Yōzan Dirk W. Mosig (born 1943) is a psychologist, historian, literary critic and ordained Zen monk noted for his critical work on H. P. Lovecraft. He was born in Germany and lived for several years in Argentina before emigrating to the United States. He received his Ph.D at the University of Florida in 1974.

Between 1973 and 1978, Mosig published numerous important essays assessing Lovecraft's work.

To cite but three, Mosig's 1973 essay "Toward a Greater Appreciation of H.P. Lovecraft: The Analytical Approach" is a psychological interpretation (based on the theories of C.G. Jung) of many Lovecraft stories.

The pioneering and oft-reprinted "H. P. Lovecraft: Myth Maker" (1976) explores Lovecraft's philosophy of horror, takes issue with August Derleth's distorted interpretation of Lovecraft's myth-cycle and emphasises the latter's vision of an amoral cosmos in which humanity has little significance.

In "Lovecraft: The Dissonance Factor in Imaginative Literature" (1979), insanity is the result of a fatal cognitive dissonance in the protagonist caused by encounters with cosmic horrors that contradict the protagonist's (and the reader's) worldview of the universe and its laws.

Several of Mosig's essays assessed individual works by Lovecraft such as "The Outsider" and "The White Ship" according to a psychoanalytical perspective.
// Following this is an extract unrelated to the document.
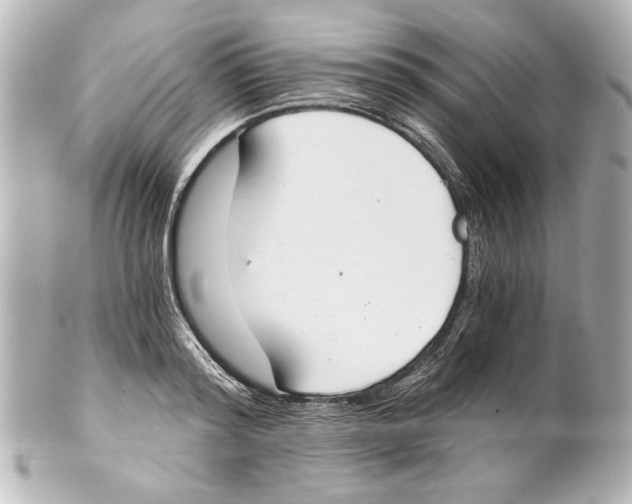 X0000101460796200808041041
One essay analysed Lovecraft's poem "The City".

S. T. Joshi has stated that "Dirk Mosig is the key transitional figure in Lovecraft studies; and if the history of this field is ever written, he will have to occupy a central role."

Mosig currently teaches psychology at the University of Nebraska at Kearney, where he is also engaged in research on the Punic Wars and the career of Hannibal.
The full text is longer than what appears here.